# Latvian: We have no sugar, only lemons



## bobertfishbone

I am trying to get a basic knowledge of Latvian grammar, and I ran across this sentence. My attempt at translation gave me this:

Mums nav cukuru, tikai citronus.

Is this somewhat accurate? I'm a beginner, so any help here would be much appreciated. Thanks!


----------



## karuna

Yup, almost correct. Only small corrections with noun cases:

Mums nav cukurua (gen.), tikai citronusi (nom.).

The second noun is in the nominative case because the verb _ir _is implied there while the verb _nav _requires the genitive case.


----------



## bobertfishbone

Thanks! Now what if I'm using the imperfect tense of nav? I assume this would read something like:

Mums nebijām cukura, tikai citroni.

Is this correct?


----------



## Flaminius

Hello *bobertfishbone*,

A big welcome from a fellow Latvian learner!  



> Mums nebijām cukura, tikai citroni.


This is wrong because _mums_ is in dative and cannot maintain an agreement with the verb.  The subject of the first part is _cukura_, which requires the verb _būt_ to be in the third person.  Now, you only have to turn _nav_ in the imperfect, which is _nebija_.

Mums nebija cukura.
A very literal translation is:
To us, did not exist [any] of sugar.


----------



## bobertfishbone

Thanks a lot, that cleared it up for me, and showed that I have a LOT of learning to do. 
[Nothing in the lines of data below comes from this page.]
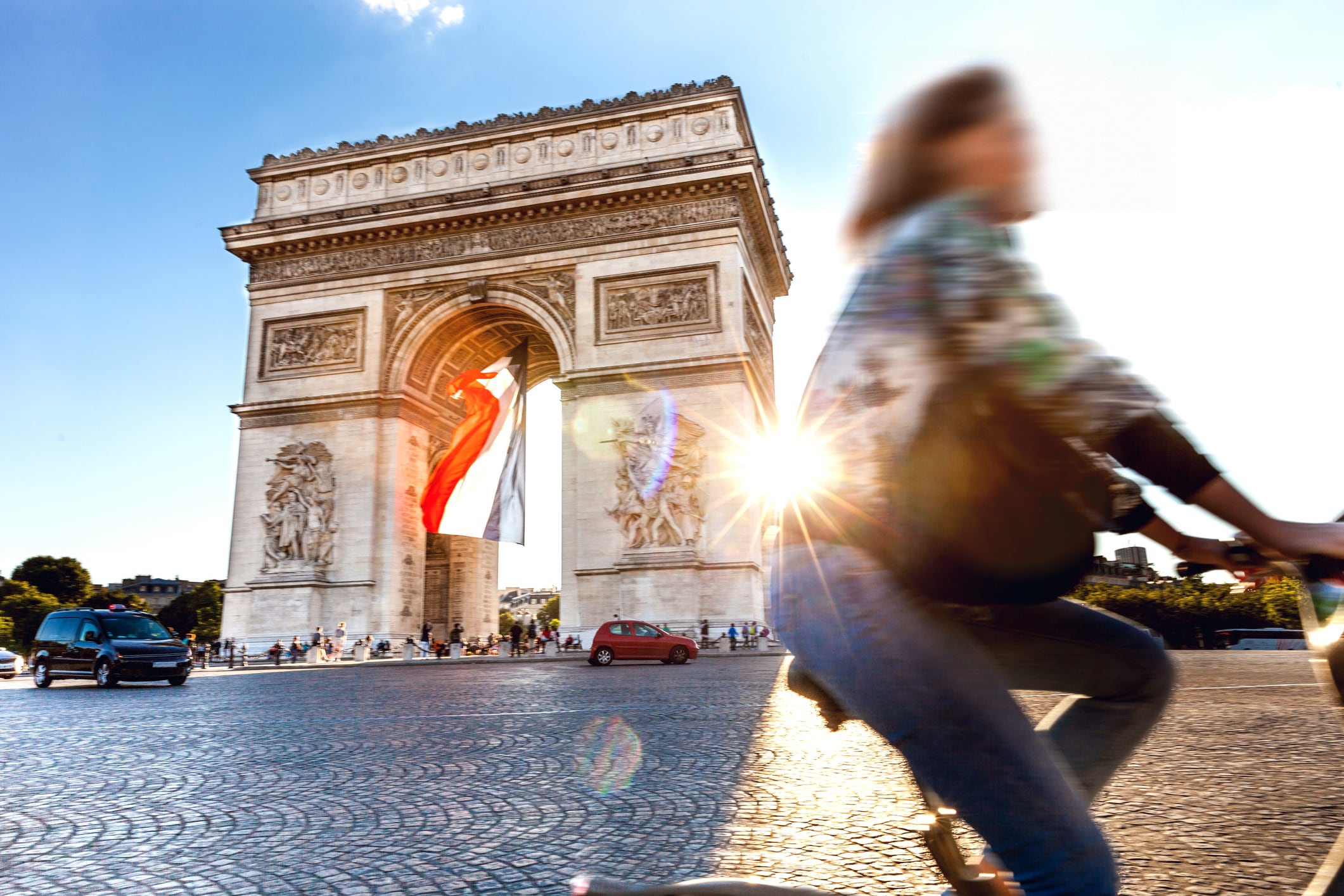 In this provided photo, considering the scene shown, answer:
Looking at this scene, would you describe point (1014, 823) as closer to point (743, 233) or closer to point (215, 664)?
point (743, 233)

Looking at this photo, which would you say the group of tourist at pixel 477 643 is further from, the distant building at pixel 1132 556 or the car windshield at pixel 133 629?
the distant building at pixel 1132 556

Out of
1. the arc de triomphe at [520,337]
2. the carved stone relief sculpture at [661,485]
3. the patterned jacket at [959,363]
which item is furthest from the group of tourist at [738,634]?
the patterned jacket at [959,363]

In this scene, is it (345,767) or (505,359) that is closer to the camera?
(345,767)

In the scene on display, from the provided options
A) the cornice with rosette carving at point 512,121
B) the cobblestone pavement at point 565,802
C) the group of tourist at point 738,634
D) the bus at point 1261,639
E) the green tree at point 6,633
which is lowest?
the cobblestone pavement at point 565,802

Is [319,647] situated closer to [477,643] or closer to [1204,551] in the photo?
[477,643]

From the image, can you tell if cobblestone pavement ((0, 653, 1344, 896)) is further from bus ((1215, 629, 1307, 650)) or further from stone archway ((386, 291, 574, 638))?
stone archway ((386, 291, 574, 638))

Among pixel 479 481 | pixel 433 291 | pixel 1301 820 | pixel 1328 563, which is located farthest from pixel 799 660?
pixel 433 291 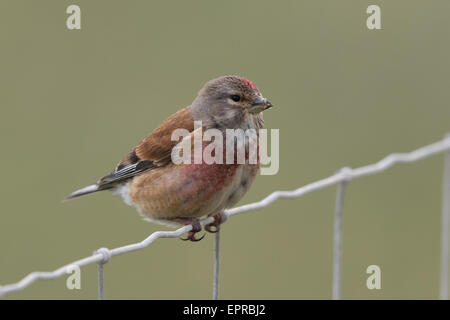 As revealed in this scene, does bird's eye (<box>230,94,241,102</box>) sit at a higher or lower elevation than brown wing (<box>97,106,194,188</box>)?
higher

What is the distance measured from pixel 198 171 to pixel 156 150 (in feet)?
1.12

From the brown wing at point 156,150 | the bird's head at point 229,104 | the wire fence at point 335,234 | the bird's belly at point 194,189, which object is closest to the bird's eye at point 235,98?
the bird's head at point 229,104

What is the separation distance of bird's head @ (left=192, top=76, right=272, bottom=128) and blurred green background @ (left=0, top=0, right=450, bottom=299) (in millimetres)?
2059

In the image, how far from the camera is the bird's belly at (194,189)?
417 centimetres

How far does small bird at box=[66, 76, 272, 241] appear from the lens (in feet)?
13.7

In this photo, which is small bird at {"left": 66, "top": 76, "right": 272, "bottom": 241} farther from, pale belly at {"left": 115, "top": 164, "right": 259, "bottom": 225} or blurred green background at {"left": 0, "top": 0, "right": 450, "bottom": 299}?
blurred green background at {"left": 0, "top": 0, "right": 450, "bottom": 299}

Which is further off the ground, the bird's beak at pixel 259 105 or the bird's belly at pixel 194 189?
the bird's beak at pixel 259 105

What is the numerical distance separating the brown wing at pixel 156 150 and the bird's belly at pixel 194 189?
0.07 m

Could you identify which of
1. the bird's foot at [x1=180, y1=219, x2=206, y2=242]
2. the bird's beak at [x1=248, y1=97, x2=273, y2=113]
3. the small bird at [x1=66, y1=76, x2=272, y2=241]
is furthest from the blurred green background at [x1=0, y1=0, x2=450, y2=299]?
the bird's beak at [x1=248, y1=97, x2=273, y2=113]

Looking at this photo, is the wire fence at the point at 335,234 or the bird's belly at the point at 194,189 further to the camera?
the bird's belly at the point at 194,189

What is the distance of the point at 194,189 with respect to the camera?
4.18 metres

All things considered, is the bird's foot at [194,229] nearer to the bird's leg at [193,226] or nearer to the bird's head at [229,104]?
the bird's leg at [193,226]

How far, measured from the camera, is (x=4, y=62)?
27.9 ft

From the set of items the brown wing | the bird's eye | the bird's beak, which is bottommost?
the brown wing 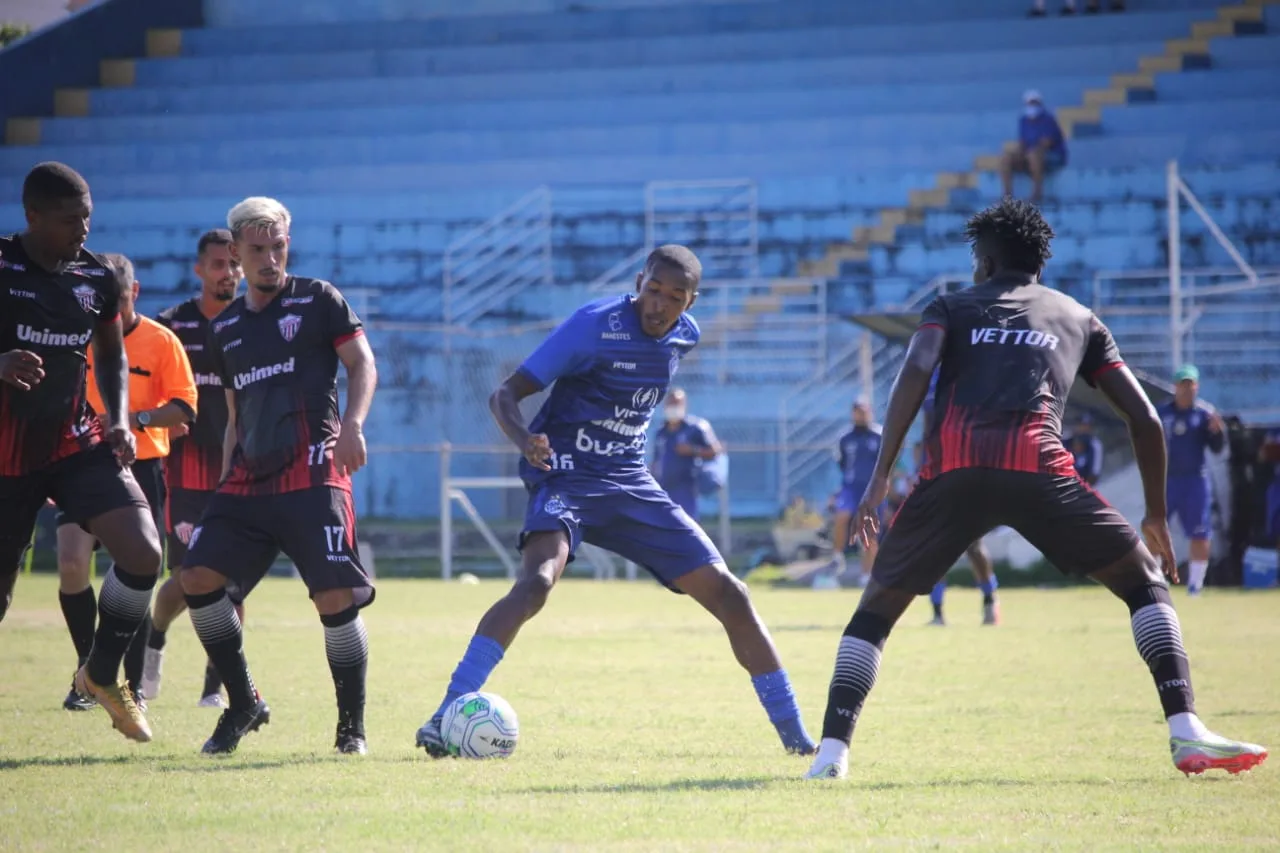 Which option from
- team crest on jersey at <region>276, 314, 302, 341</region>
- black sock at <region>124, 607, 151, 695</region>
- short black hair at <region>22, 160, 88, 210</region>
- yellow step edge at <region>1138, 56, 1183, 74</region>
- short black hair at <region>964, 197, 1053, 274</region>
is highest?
yellow step edge at <region>1138, 56, 1183, 74</region>

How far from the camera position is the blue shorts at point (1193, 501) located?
20.1m

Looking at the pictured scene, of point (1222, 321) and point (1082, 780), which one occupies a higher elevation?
point (1222, 321)

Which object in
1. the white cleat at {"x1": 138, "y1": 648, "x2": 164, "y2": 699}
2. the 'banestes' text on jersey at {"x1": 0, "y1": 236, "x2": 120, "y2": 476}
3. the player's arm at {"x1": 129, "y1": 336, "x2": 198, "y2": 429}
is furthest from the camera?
the white cleat at {"x1": 138, "y1": 648, "x2": 164, "y2": 699}

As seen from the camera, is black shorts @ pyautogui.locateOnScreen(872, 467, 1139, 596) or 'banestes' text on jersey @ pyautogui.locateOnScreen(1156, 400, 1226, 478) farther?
'banestes' text on jersey @ pyautogui.locateOnScreen(1156, 400, 1226, 478)

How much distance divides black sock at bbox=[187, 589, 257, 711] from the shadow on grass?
0.33 m

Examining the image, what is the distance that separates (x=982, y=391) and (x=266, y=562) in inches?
117

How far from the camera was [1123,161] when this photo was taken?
30375mm

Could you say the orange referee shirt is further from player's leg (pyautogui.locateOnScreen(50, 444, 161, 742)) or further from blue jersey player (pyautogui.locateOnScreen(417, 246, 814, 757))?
blue jersey player (pyautogui.locateOnScreen(417, 246, 814, 757))

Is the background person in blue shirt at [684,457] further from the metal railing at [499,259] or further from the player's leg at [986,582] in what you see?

This may be a bit off topic, but is there any definitive book or learning method with Latvian? I haven't been able to find too much, and any help would be greatly appreciated! Feel free to send me a Private Message or email through this forum, if it isn't welcome in this thread.


----------



## valdo

Hallo, Bobertfishbone....
The best way to learn Latvian, probably, is by communicating with Latvians. I don't think that any books would be of much help....since Latvian grammar is something that drives crazy even Latvians...!!!

Saludos,


----------